EL VALOR DE LOS GESTOS EN LAS RELACIONES INTERNACIONALES Y EL GOLAZO DE PUTIN

COLUMNA: MIGUEL ÁNGEL RODRÍGUEZ MACKAY

18 de Julio del 2018 - 07:00 Miguel Ángel Rodríguez Mackay

Los gestos y actitudes de Vladímir Putin durante su reciente encuentro con Donald Trump en Helsinki -en las relaciones internacionales, estos juegan su partido y hasta son determinantes: Evo Morales obsequió al papa Francisco en su visita a Bolivia una cruz en forma de hoz, lo que llamó poderosamente la atención del Sumo Pontífice y hasta de los chilenos- han confirmado que salió más fortalecido que el presidente neoyorquino. Lo voy a explicar. Vimos a un Putin sentado a sus anchas con sus brazos siempre sueltos y su espalda recostada en el ancho asiento, revelando que le fue mejor en el “face to face”; incluso hasta le obsequió un balón de fútbol no solamente porque quiso relievar el Mundial que organizó Rusia, sino porque sabía que Trump no le daría nada en reciprocidad, generando una percepción internacional a favor del presidente ruso. Hubiera sido irrelevante y propio de las reglas de la cortesía internacional si el obsequio se hubiera hecho en Moscú o en cualquier otra parte del territorio ruso, en que a Trump solo le hubiera quedado recibir regalos en su condición de visitante. Realmente a Trump no se le ocurrió qué darle, porque tampoco acostumbra hacerlo.
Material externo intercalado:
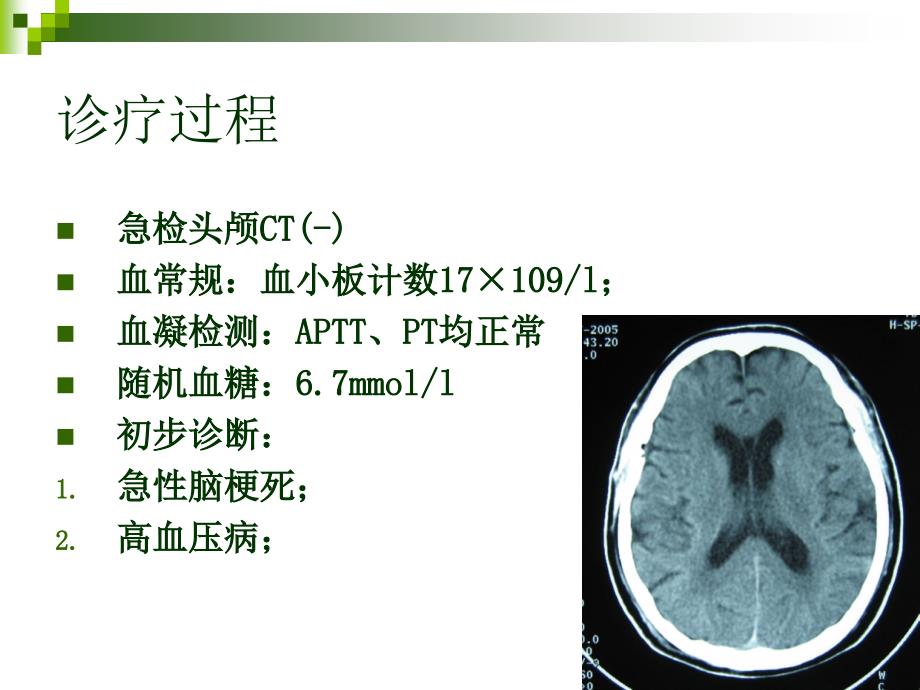 卒中的规范化诊疗与抗栓(泰嘉)_第3页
Estaba claro que el republicano quería imponer el guion desde antes de llegar a la capital finlandesa, pero verlo sentado apretándose las manos y decidiendo estrecharlas para saludar a Putin no se vio como una iniciativa; en cambio, se percibió que la reunión para Trump era necesaria y hasta indispensable, pensando en el asunto de fondo del encuentro, el cual no era otro que la mentada y luego negada intromisión rusa, por ambos gobernantes, en las elecciones estadounidenses que le dieron la victoria. Putin ha explotado al máximo su perfil de presidente atlético, el cual siempre será mejor apreciado por la opinión pública internacional que el de extravagante de Trump. Nadie sabe en el fondo el contenido de lo que hablaron en privado y por largo rato. A las relaciones internacionales solo les queda especular coherentemente para los efectos del análisis de tan importantes actores visibles del mundo.